Problem description: Please print exactly the lines from the line containing "A house with" through the end of the data, no more, and keep pictures out of the copy.

Information shown:
=== Section Start ===

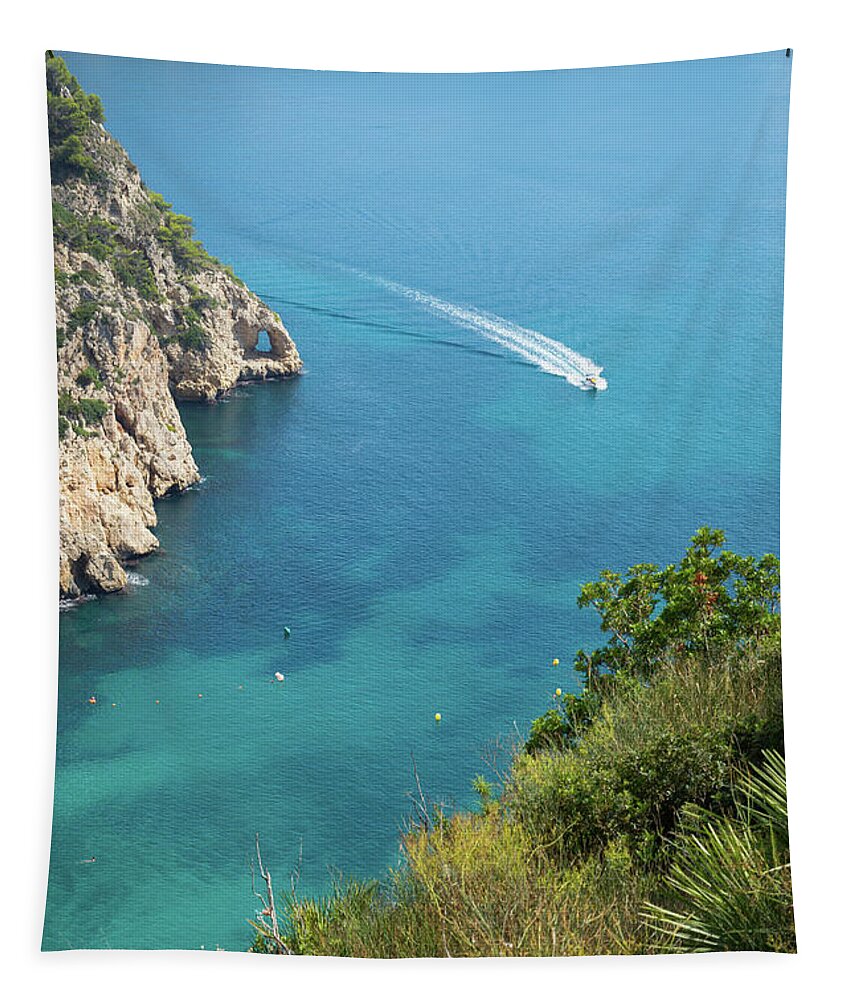 Mediterranean Sea Tapestry featuring the photograph Seawater and motor boat. Cala de la Granadella by Adriana Mueller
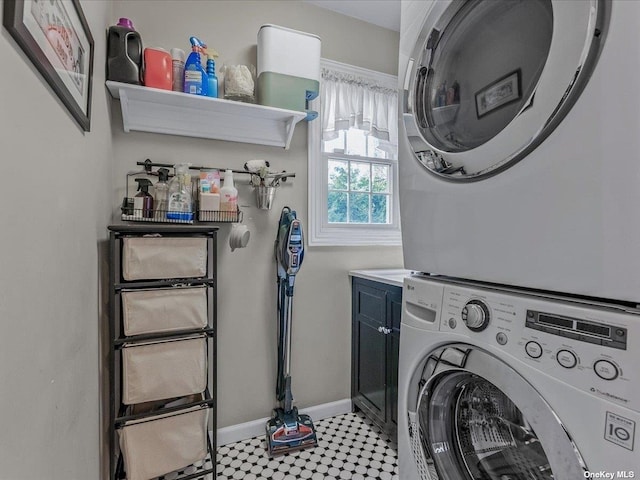 laundry area with cabinet space, baseboards, and stacked washer / drying machine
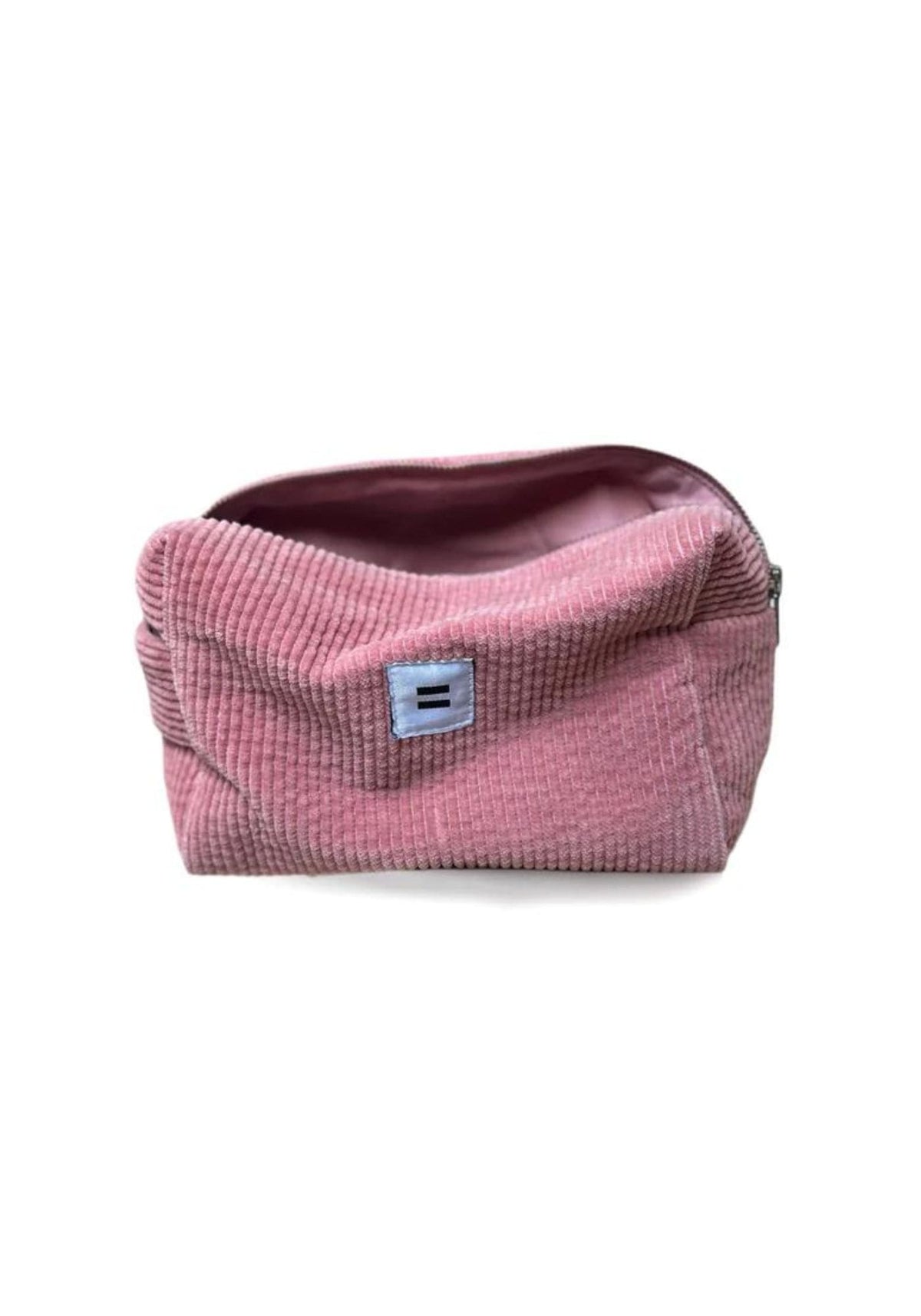 Trousse de toilette en velours rose ouverte de chez Côtelé Paris, vue de face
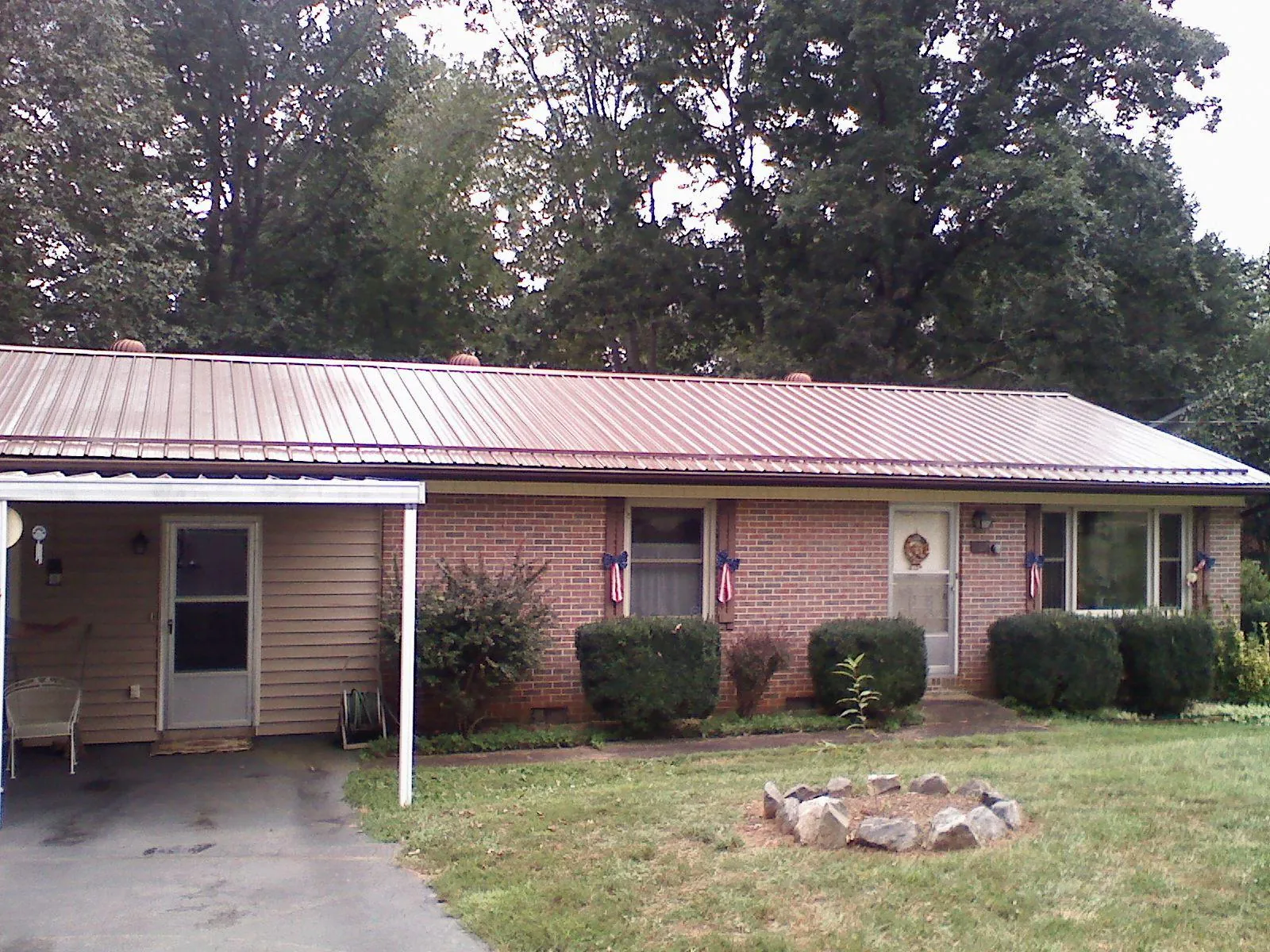 Bronze metal roof and carport on a brick ranch home — Roof Repair work by our crew in Radnor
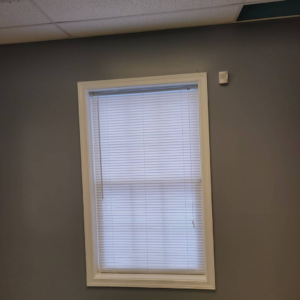 A window with new white horizontal blinds installed on a grey wall, a handyman service provided by Reshaud Renovation LLC in Richmond, VA.
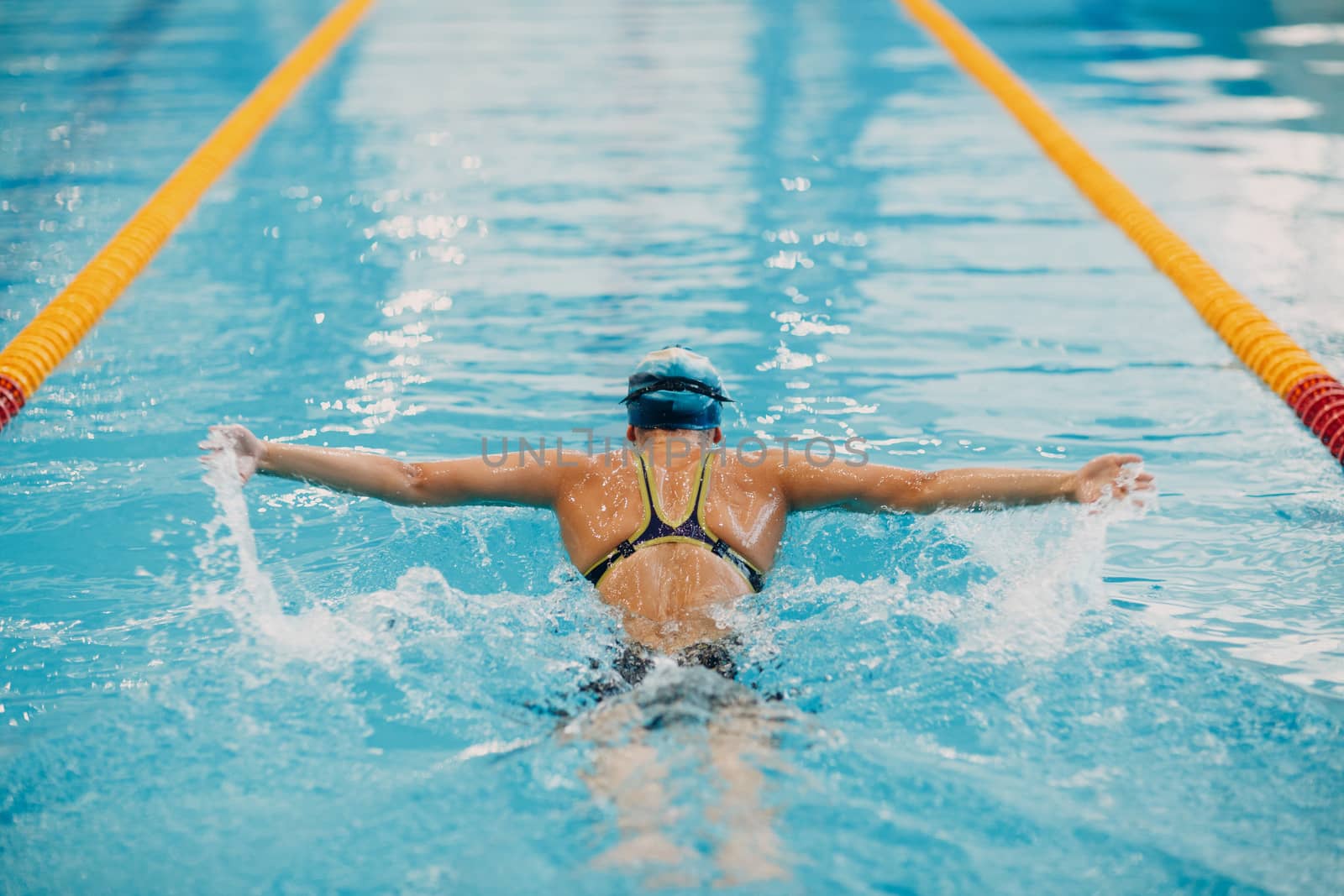 Young woman swimmer swims in swimming pool by primipil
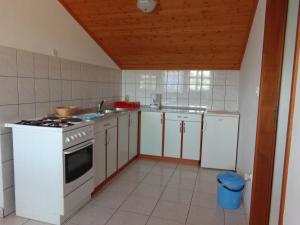 a kitchen with white cabinets and a stove top oven at Apartmani Marina in Labin +51 photos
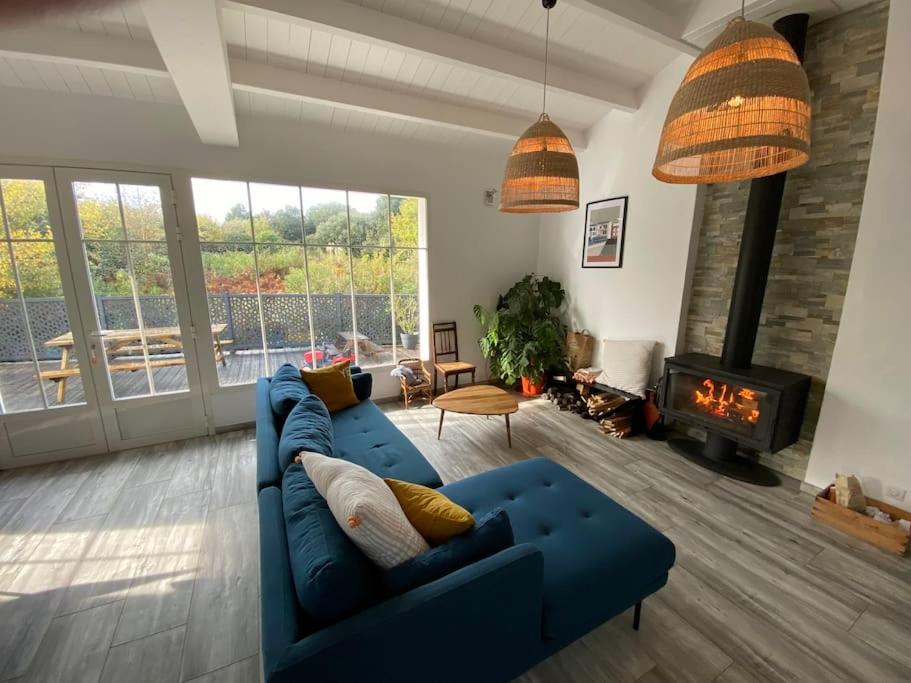 a living room with a blue couch and a fireplace at Maison 10 lits proximité du Port - YEU Ker Chalon in Port-Joinville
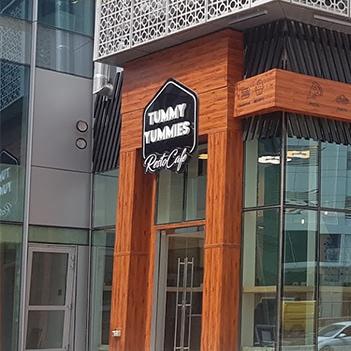 tummy-yummies-exterior-with-wooden-cladding-and-restuarants-logo-clearly-showing-on-two-sides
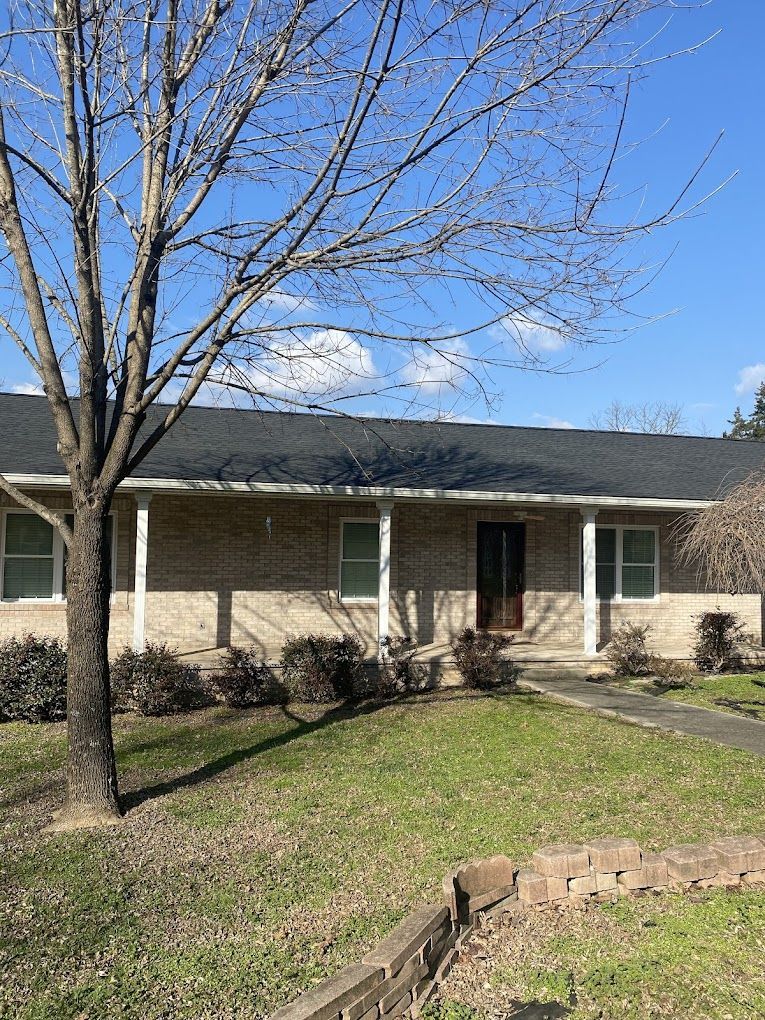 A house with a porch and a tree in front of it on a sunny day.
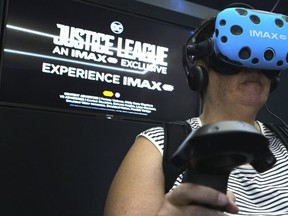 The Toronto Sun's Jane Stevenson transformed into a virtual reality Wonder Woman at the IMAX VR Centre located at Scotiabank Theatre on Richmond St.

=== Section End ===

The answer:
 A house with a porch and a tree in front of it on a sunny day.
 The Toronto Sun's Jane Stevenson transformed into a virtual reality Wonder Woman at the IMAX VR Centre located at Scotiabank Theatre on Richmond St.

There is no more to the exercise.